Le 14 février 1978, M. Constant a écrit au président du jury en lui demandant de réexaminer sa candidature, mais, dans cette lettre, il ne faisait aucune mention de sa connaissance de la photogravure. Il se bornait à répéter textuellement les conditions établies sous B dans la partie II de l'avis de concours et à affirmer qu'il les remplissait (voir annexe 7 à la requête).

Le même jour, Mme Anselme a écrit une lettre identique au président du jury (annexe 7 à la requête). Elle l'a fait suivre, le lendemain, d'une note, adressée à M. Desbois, dans laquelle elle décrivait sa carrière au service de la Commission, mentionnait ses connaissances linguistiques, et se référait à des observations contenues dans son rapport de notation pour la période 1975 à 1977 (annexe 8 à la requête). Le contenu de cette note confirme amplement les qualifications de Mme Anselme et son
expérience dans le domaine de la composition; toutefois, il ne donne pas à penser qu'elle possédait une expérience de l'édition ou imprimerie.

Le 22 février 1978, M. Desbois a écrit à chacun des candidats (annexe 9 à la requête) en les informant, en termes identiques, que le jury avait réexaminé leur cas mais qu'il était parvenu à la conclusion qu'il devait maintenir sa décision antérieure. Rien ne montre, qu'à cette occasion, le jury a considéré, dans le cas de M. Constant, le contenu de son rapport de notation pour la période du 1er janvier 1970 au 30 juin 1971. Toutefois, dans chaque cas, M. Desbois a ajouté à sa lettre un post-scriptum
offrant un entretien au requérant intéressé. Il ne semble pas que l'un ou l'autre d'entre eux ait profité de cette invitation.

Le 25 avril 1973, chacun des requérants a présenté une réclamation formelle au titre de l'article 90 du statut des fonctionnaires contre la décision l'excluant du concours (annexe 10 à la requête).

Le 17 mai 1978, M. Rogalla, chef de la division «Statut» de la Direction générale du personnel et de l'administration de la Commission a répondu aux réclamations des requérants en invitant chacun d'eux à un entretien (annexe 12 à la requête).

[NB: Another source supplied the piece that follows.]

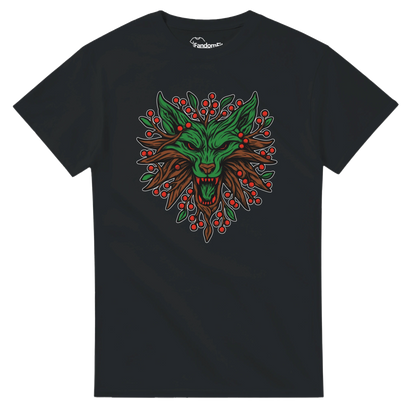 Vista en tres cuartos de la camiseta Lobo Espíritu Invernal, diseño navideño salvaje con hojas y raíces
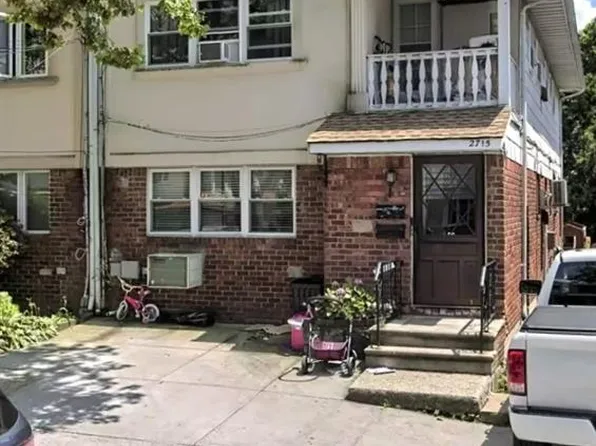 2715 E 63rd St, Brooklyn, NY 11234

De nouveau, il ne semble pas que l'un ou l'autre d'entre eux ait profité de cette invitation. Aucune autre réponse n'a été donnée aux réclamations des requérants par l'autorité investie du pouvoir de nomination ou en son nom.

Le 22 novembre 1978, les requérants ont introduit le présent recours devant la Cour.

Recevabilité du recours

Comme nous l'avons dit tout au début, la Commission a soulevé une objection quant à la recevabilité du recours, sans toutefois en faire un grief formel. Elle a fait valoir que le recours pourrait être frappé de prescription, du fait qu'il a été intenté neuf mois après que les décisions du jury aient été communiquées aux requérants. A ce propos, elle s'est référée à la jurisprudence de la Cour, selon laquelle la voie appropriée qu'un fonctionnaire doit suivre lorsqu'il désire attaquer une décision
d'un jury est de porter l'affaire immédiatement devant la Cour, sans adresser au préalable une réclamation à l'autorité investie du pouvoir de nomination en vertu de l'article 90 du statut des fonctionnaires.

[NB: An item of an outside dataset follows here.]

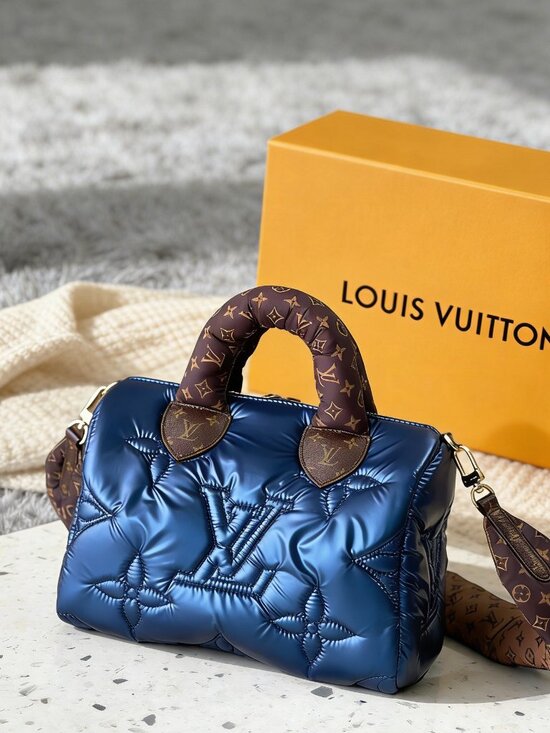 Louis Vuitton Bandoulière 25 Blue Metallic Quilted - Picture 3 of 7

Cette affirmation a été émise pour la première fois dans l'affaire 44/71 Marcato/Commission, Recueil 1972, p. 427 («seconde affaire Marcato»), dans laquelle le requérant avait adressé une réclamation formelle à l'autorité investie du pouvoir de nomination contre une décision d'un jury l'excluant d'un concours, et avait alors fait appel devant la Cour contre le rejet implicite de cette réclamation. Aucune question concernant la recevabilité du recours n'a été soulevée soit par la Commission soit par
l'avocat général Roemer. Toutefois, de sa propre initiative, la Cour a déclaré ce qui suit:

«… il y a lieu de faire remarquer qu'un recours administratif à la Commission dirigé contre une décision d'un jury de concours paraît dépourvu de sens, la Commission n'ayant pas le pouvoir d'annuler ou de modifier les décisions d'un jury de concours.

Dès lors, le seul moyen en droit dont disposent les intéressés à l'égard de pareille décision consiste en une saisine de la Cour, seule compétente pour annuler de telles décisions.

La saisine préalable de la Commission s'explique cependant par l'habitude des fonctionnaires de ne jamais saisir la Cour directement des actes leur faisant grief, mais de s'adresser d'abord, fût-ce sans nécessité, à l'autorité investie du pouvoir de nomination.

Au vu de cette situation, il convient de ne pas déclarer le recours contre le refus implicite de la Commission sur ce point irrecevable, mais de le recevoir en tant que dirigé contre la décision du jury et de considérer le dépassement du délai de recours contre cette décision … comme étant couvert.» (Attendus 4 à 9 de l'arrêt).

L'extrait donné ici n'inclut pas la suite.